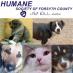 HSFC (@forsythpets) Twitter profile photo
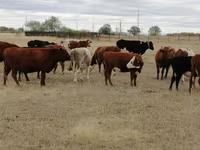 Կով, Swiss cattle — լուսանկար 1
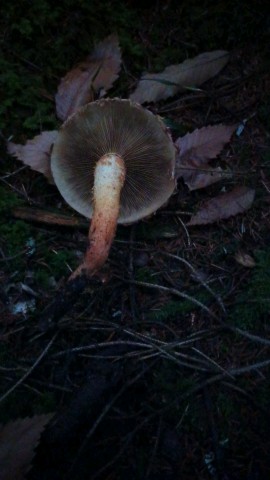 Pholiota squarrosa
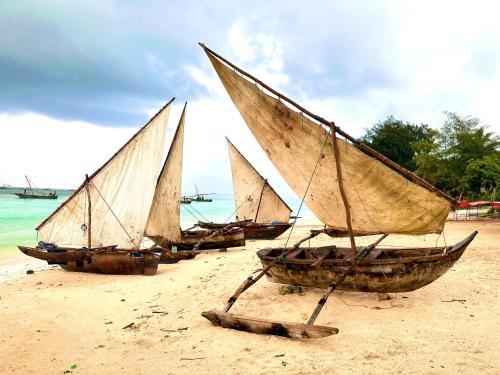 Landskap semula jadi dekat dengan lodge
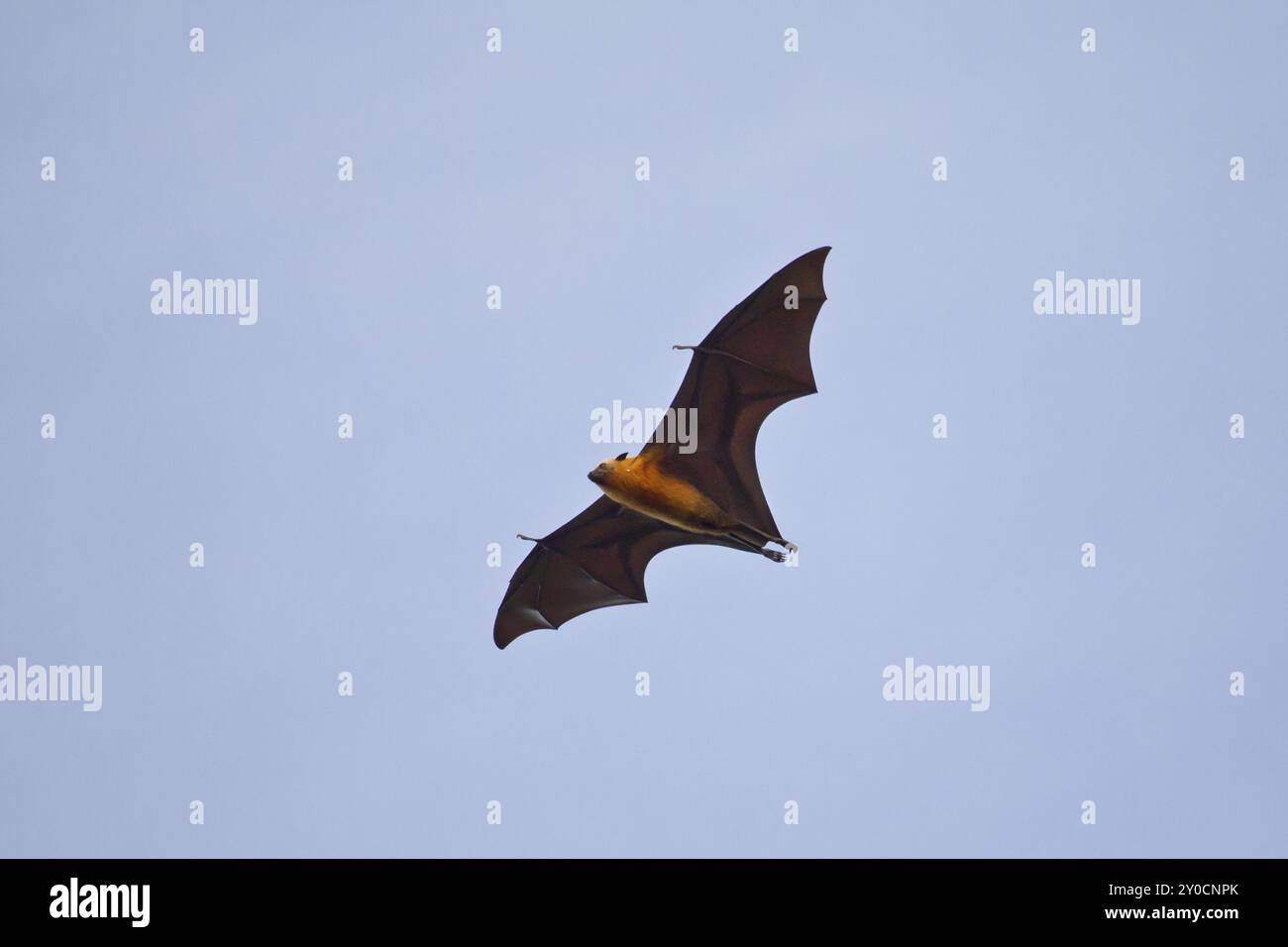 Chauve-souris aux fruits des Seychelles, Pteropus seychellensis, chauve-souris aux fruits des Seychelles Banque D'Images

● Required work:
Starting with the line that holds "Landskap semula jadi dekat dengan lodge", repeat exactly every line through the end of the material above, both ends included, without the pictures.

● Response:
 Landskap semula jadi dekat dengan lodge
 Chauve-souris aux fruits des Seychelles, Pteropus seychellensis, chauve-souris aux fruits des Seychelles Banque D'Images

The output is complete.